» **DATA FOR THIS EXERCISE**:
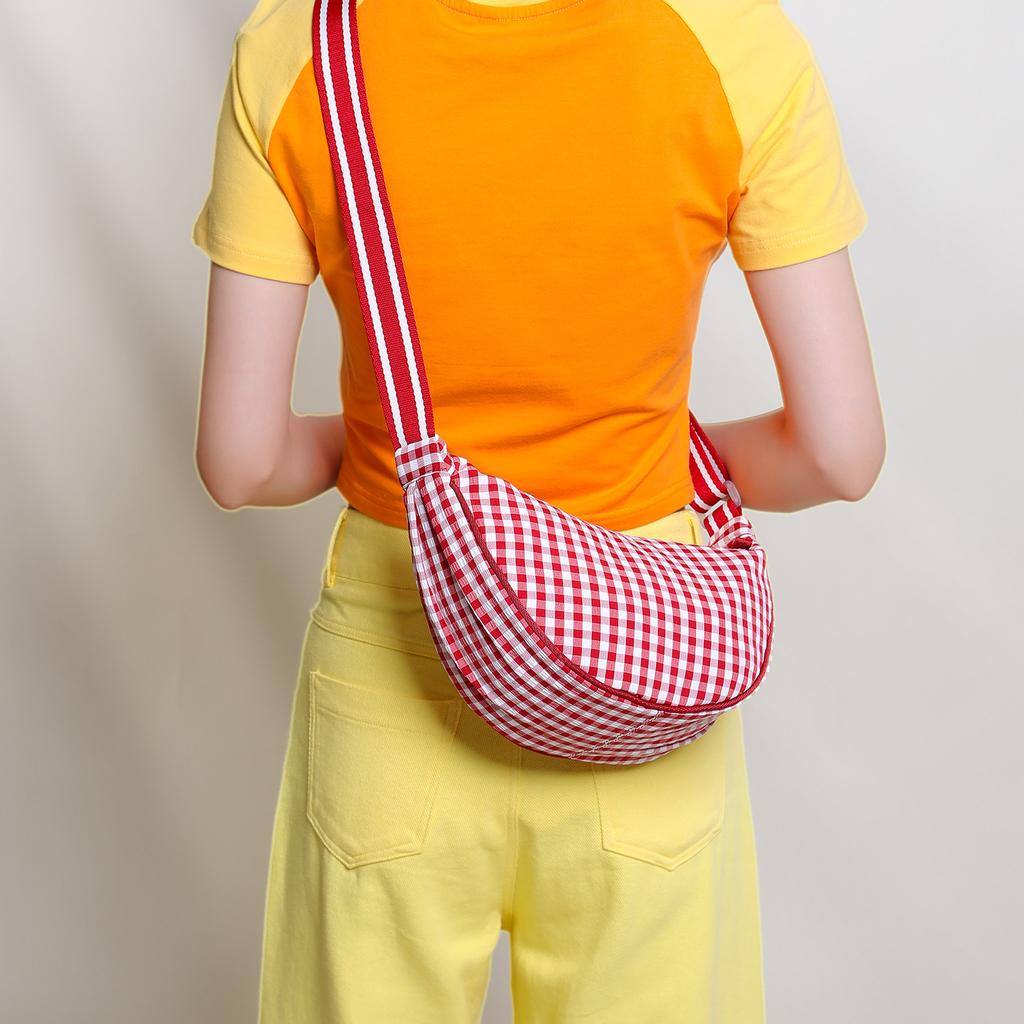 This Is A Laid-back Style Single-shoulder Bag with A Casual and Lightweight Design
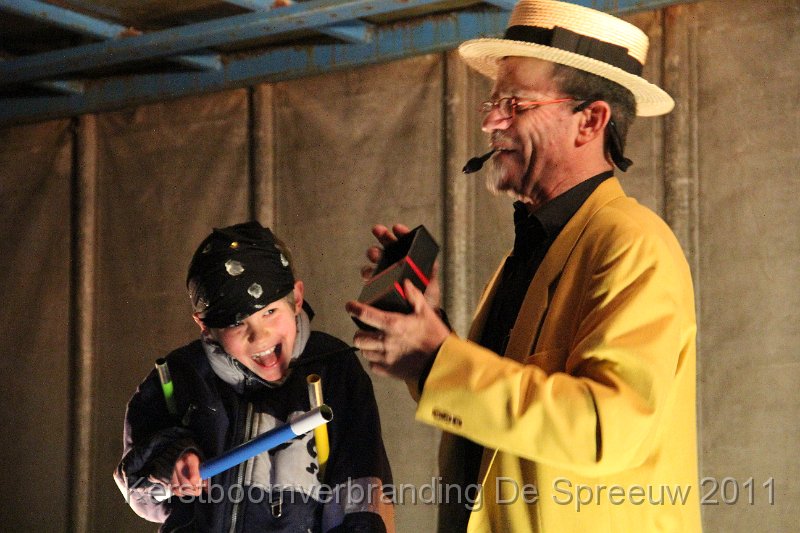 IMG_0378.JPG - met al die toverstokjes zou ik toch zijn jasje moeten kunnen betoveren?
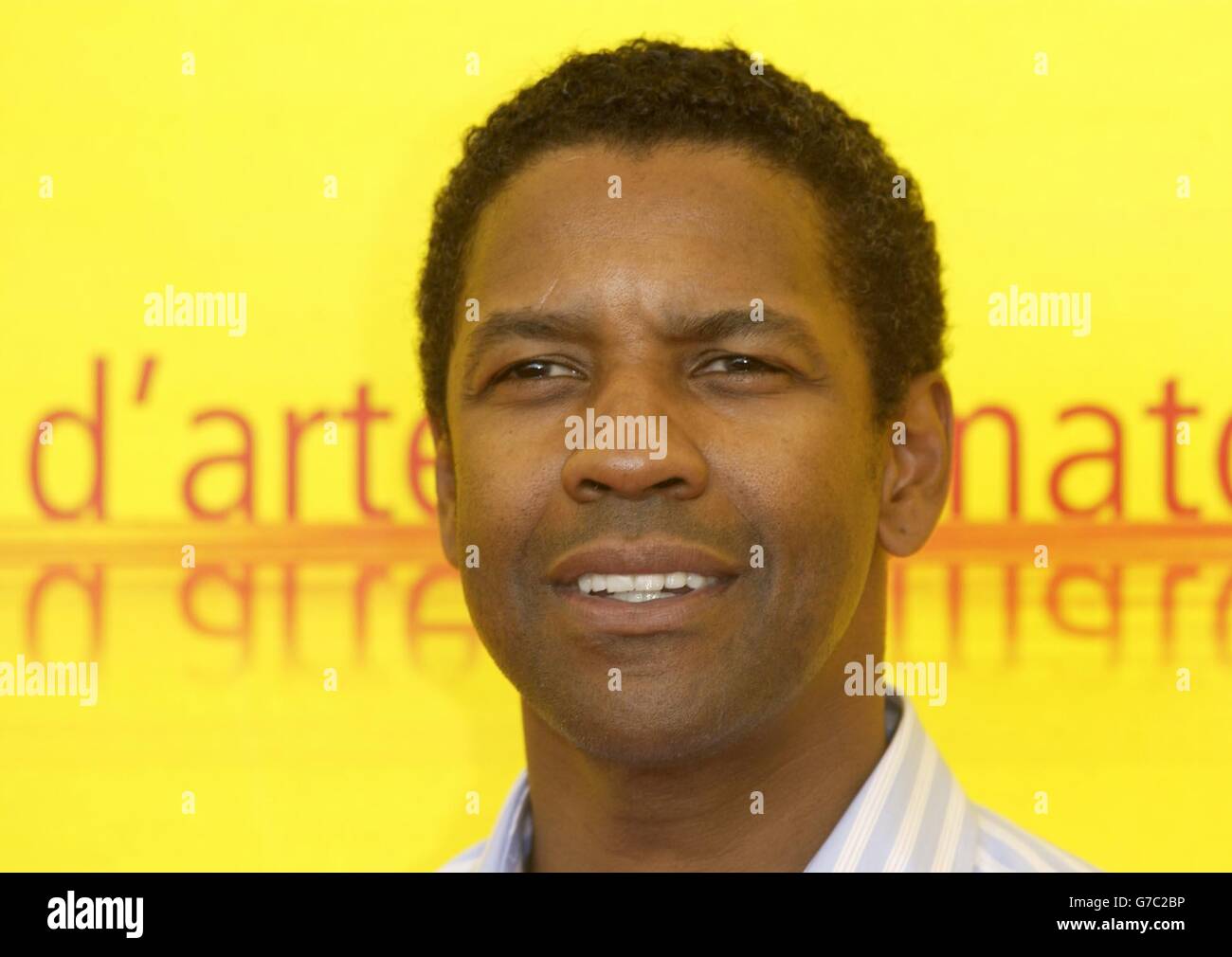 Hollywood-Schauspieler Denzel Washington posiert für Fotografen während einer Fotoschau, um seinen neuen Film The Manchurian Candidate beim 61. Filmfestival in Venedig im Lido, Venedig, Italien, zu promoten. Stockfoto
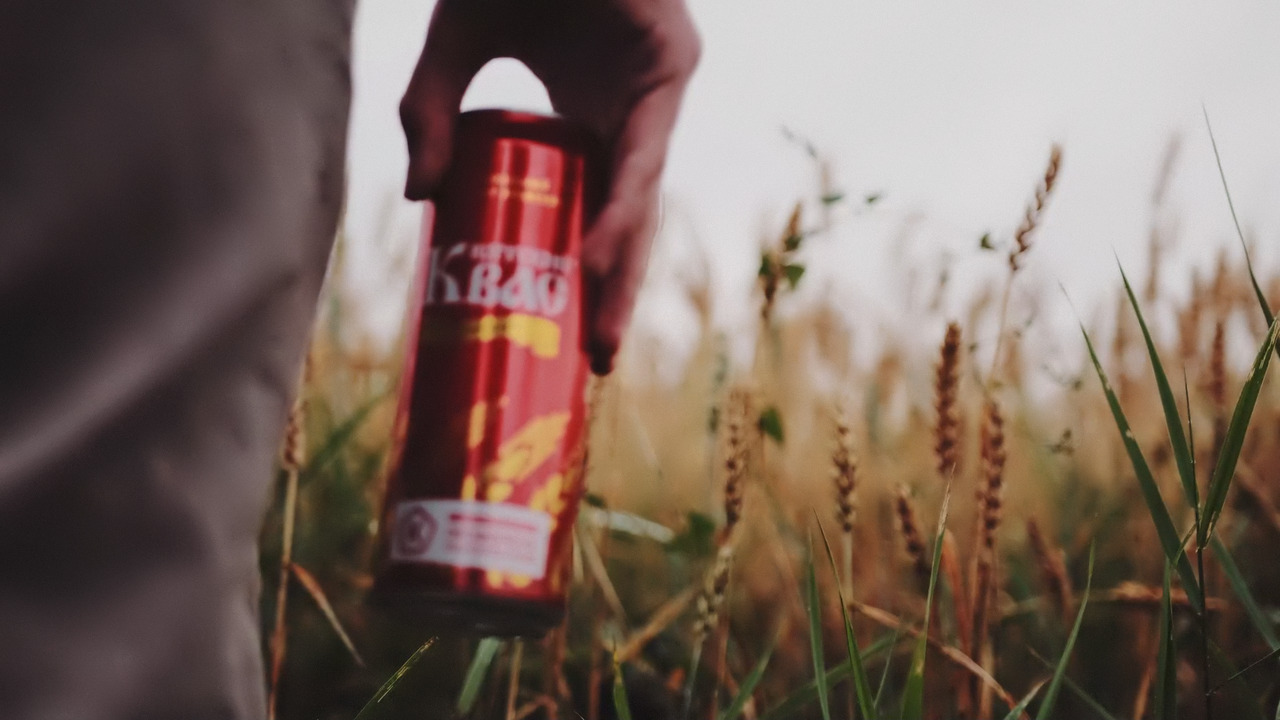 Vyatka Kvass. A film in the wheat field: still from the film 5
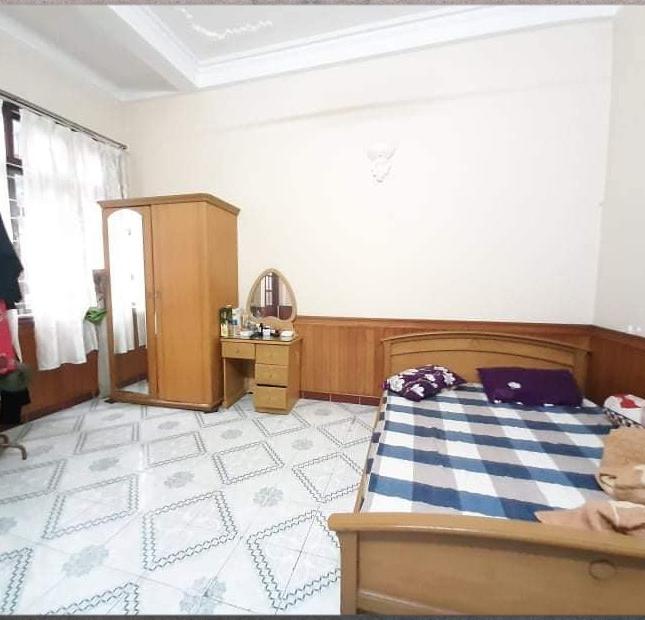 Bán nhà mặt phố Hào Nam 50m Vỉa hè Ô tô đỗ tiện kinh doanh Giá siêu tốt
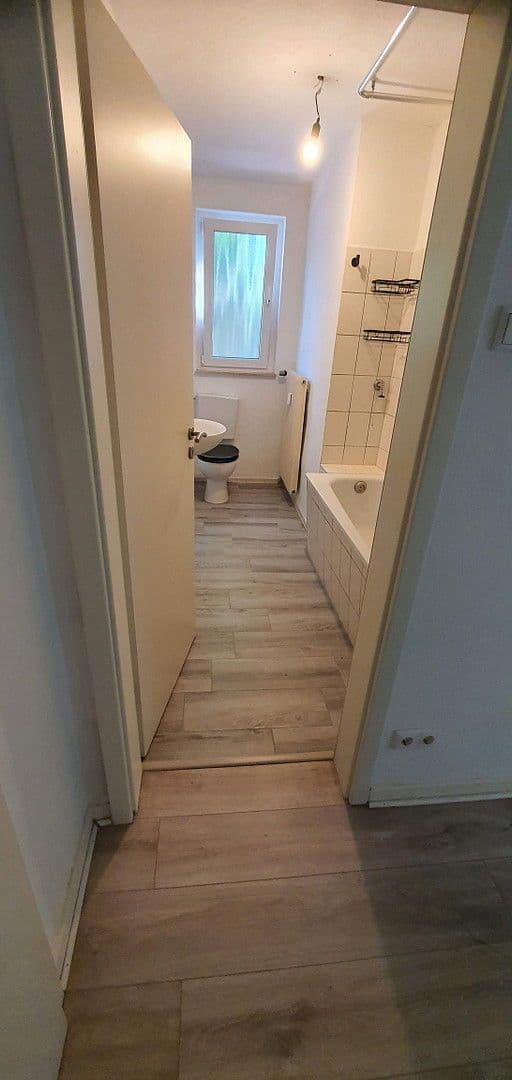 Prenájom bytu 2-izbový 58 m², Dinnendahlstrasse 40, Oberhausen, Severné Porýnie - Westfálsko Prenájom bytu 2-izbový 58 m², Dinnendahlstrasse 40, Oberhausen, Severné Porýnie - Westfálsko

» **WHAT TO WORK ON**:
Exact copy, no pictures: please print the data above once more.

» **RESPONSE FOR THIS EXERCISE**:
 This Is A Laid-back Style Single-shoulder Bag with A Casual and Lightweight Design
 IMG_0378.JPG - met al die toverstokjes zou ik toch zijn jasje moeten kunnen betoveren?
 Hollywood-Schauspieler Denzel Washington posiert für Fotografen während einer Fotoschau, um seinen neuen Film The Manchurian Candidate beim 61. Filmfestival in Venedig im Lido, Venedig, Italien, zu promoten. Stockfoto
 Vyatka Kvass. A film in the wheat field: still from the film 5
 Bán nhà mặt phố Hào Nam 50m Vỉa hè Ô tô đỗ tiện kinh doanh Giá siêu tốt
 Prenájom bytu 2-izbový 58 m², Dinnendahlstrasse 40, Oberhausen, Severné Porýnie - Westfálsko Prenájom bytu 2-izbový 58 m², Dinnendahlstrasse 40, Oberhausen, Severné Porýnie - Westfálsko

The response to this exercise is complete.